I share this because for me, there was an immediate connection to what we can be guilty of in education quite often. That it, we have many many expressions that are well known by those of us in the field, but can sound like another language to anyone who does not have experience inside a school, including parents. I mean just the acronyms alone are hard to keep up! IEP, PLO, ADD, PBL, ... it's enough to make any parent scream OMG! And then we throw in a variety of different assessment terms such as "meeting expectations", "satisfactory" or the "number three," it's no wonder parents often look quite dumbfounded when we are trying to explain their child's progress to them.
I would suggest that we are at a time in BC education when communication with parents and authentic engagement of them in the learning process of their children is crucial. We have districts exploring the notion that letter grades may be antiquated and a better reporting process is possible. We have a new curriculum that is shifting towards big ideas as oppose to what we are used to in the past. Teachers are tapping into innovative learning strategies such as inquiry/passion based learning while connecting with a global world that technology has made quite small. And all the while, parents are trying to keep up to ensure that their child experiences success when they graduate from the education system.
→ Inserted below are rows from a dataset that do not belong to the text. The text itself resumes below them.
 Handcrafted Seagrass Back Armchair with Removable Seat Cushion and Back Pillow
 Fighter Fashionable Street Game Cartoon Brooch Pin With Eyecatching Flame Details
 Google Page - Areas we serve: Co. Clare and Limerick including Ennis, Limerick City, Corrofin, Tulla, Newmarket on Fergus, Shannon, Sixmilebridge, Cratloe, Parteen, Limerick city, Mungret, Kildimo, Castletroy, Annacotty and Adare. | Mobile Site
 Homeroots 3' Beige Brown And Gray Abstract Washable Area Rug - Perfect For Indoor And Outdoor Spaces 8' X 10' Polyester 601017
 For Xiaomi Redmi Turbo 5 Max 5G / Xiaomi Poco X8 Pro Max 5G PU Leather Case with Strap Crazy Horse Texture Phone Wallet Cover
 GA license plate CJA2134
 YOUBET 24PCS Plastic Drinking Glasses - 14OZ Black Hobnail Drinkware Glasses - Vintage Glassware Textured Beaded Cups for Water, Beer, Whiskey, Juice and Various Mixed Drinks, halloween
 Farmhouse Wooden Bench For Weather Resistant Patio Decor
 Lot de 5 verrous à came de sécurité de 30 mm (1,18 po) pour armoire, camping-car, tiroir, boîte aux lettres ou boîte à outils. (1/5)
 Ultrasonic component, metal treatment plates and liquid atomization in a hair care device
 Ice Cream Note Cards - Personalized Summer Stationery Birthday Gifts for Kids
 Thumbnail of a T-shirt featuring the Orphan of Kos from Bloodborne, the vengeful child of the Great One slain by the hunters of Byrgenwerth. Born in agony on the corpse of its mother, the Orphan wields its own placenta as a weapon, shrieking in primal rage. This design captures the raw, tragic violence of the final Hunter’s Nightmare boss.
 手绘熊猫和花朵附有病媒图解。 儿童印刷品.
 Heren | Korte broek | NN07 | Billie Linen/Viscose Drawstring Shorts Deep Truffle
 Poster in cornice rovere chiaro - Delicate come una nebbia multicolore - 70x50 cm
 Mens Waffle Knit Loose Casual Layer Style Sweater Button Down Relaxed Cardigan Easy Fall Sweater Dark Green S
As educators, we need to be sure we are communicating WITH parents and not AT them. Check out this great post by Chris Wejr on this topic). It is far too important not to have them be a part of learning process of a child in a meaning, purposeful way. Educating a child is not like changing a piece of glass. When my brothers begin to use the language of their trade, I don't need to necessarily understand what they are saying. I can go make a sandwich, come back, and have a new window installed at the cabin. But when it comes to learning, research and experience is very clear ... parents cannot send their child to school, go make a sandwich and have an educated child at the end of the day. They are an integral part of that process. So as educators, we need to be sure we take the time to include parents in the conversations, and explain the language we use.
I would love to hear about any structural or systematic processes schools are using to help parents understand edu-speak. I've never been a believer of "dumbing things down" when talking to parents, but I wonder what school-wide processes would help that process be more effective.